## WHAT NEEDS TO BE DONE
Below is a listing with pictures in it; transcribe exactly the lines from the one that has "Congratulation 910523" through the one that has "noises mixture", and omit those pictures.

## THE INPUT
◇ ◇ ◇

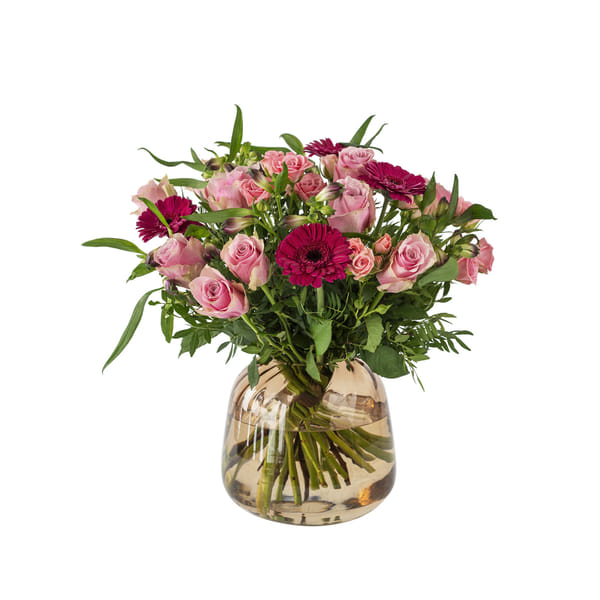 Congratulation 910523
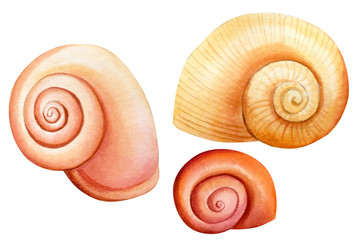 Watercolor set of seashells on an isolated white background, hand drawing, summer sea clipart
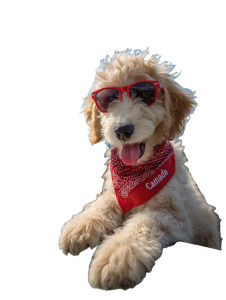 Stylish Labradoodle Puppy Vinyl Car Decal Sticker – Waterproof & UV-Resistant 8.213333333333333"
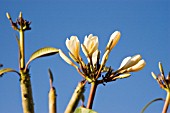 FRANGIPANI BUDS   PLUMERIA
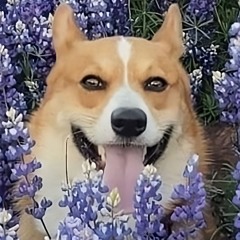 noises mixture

◇ ◇ ◇

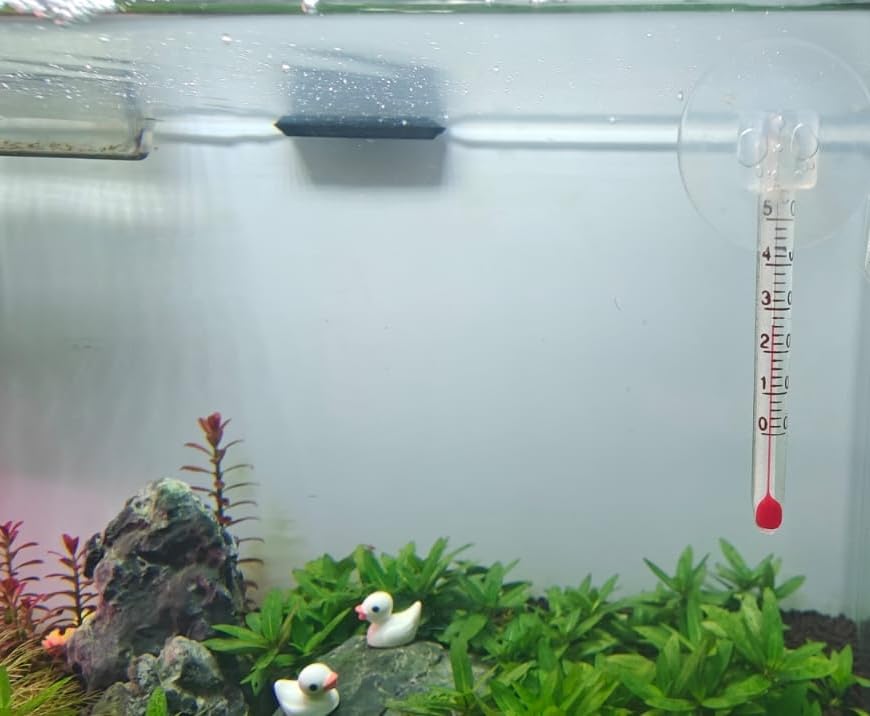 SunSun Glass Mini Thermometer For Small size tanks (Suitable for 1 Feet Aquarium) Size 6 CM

◇ ◇ ◇

## EXERCISE ANSWER
 Congratulation 910523
 Watercolor set of seashells on an isolated white background, hand drawing, summer sea clipart
 Stylish Labradoodle Puppy Vinyl Car Decal Sticker – Waterproof & UV-Resistant 8.213333333333333"
 FRANGIPANI BUDS   PLUMERIA
 noises mixture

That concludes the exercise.